■ TRY IT ■
The listing below should be printed in full and exactly, apart from its images.

■ THE DATA ■

- - - - -

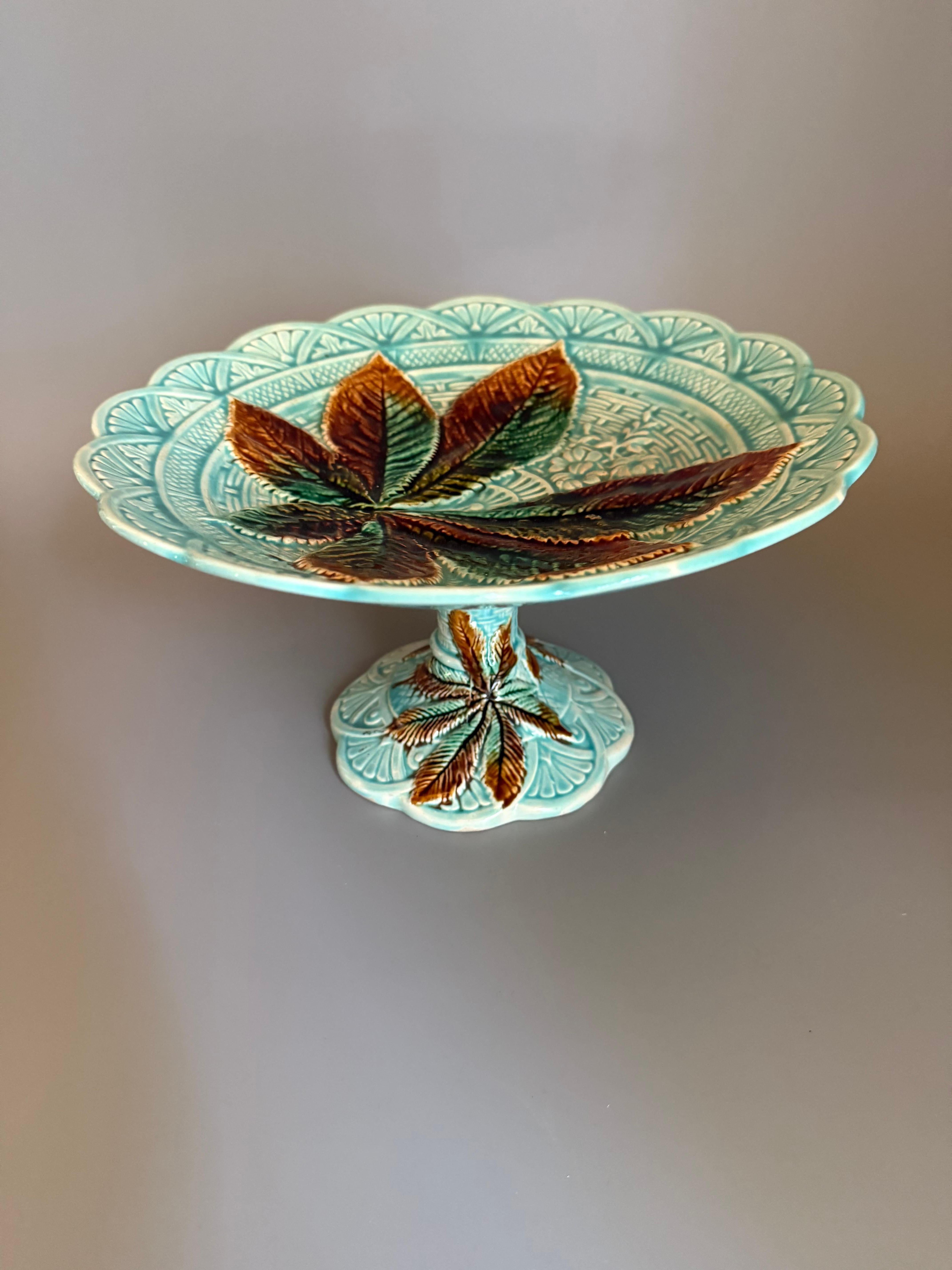 Art Nouveau Majolica Chestnut Leaf Six pieces Rörstrand Sweden 1880 For Sale 10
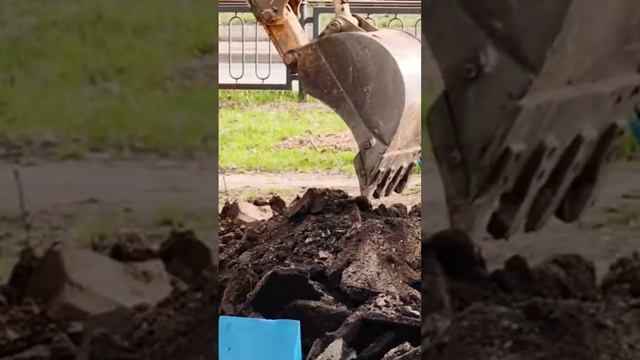 БЛАГОУСТРОЙСТВО СКВЕРА В САРАТОВЕ #shorts #благоустройство #строительство #стройка #саратов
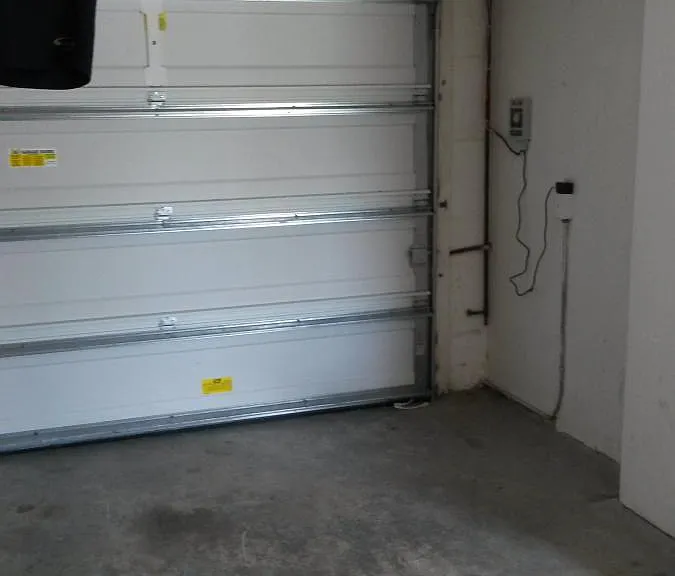 Single care garage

- - - - -

■ RESPONSE FOR THIS EXERCISE ■
 Art Nouveau Majolica Chestnut Leaf Six pieces Rörstrand Sweden 1880 For Sale 10
 БЛАГОУСТРОЙСТВО СКВЕРА В САРАТОВЕ #shorts #благоустройство #строительство #стройка #саратов
 Single care garage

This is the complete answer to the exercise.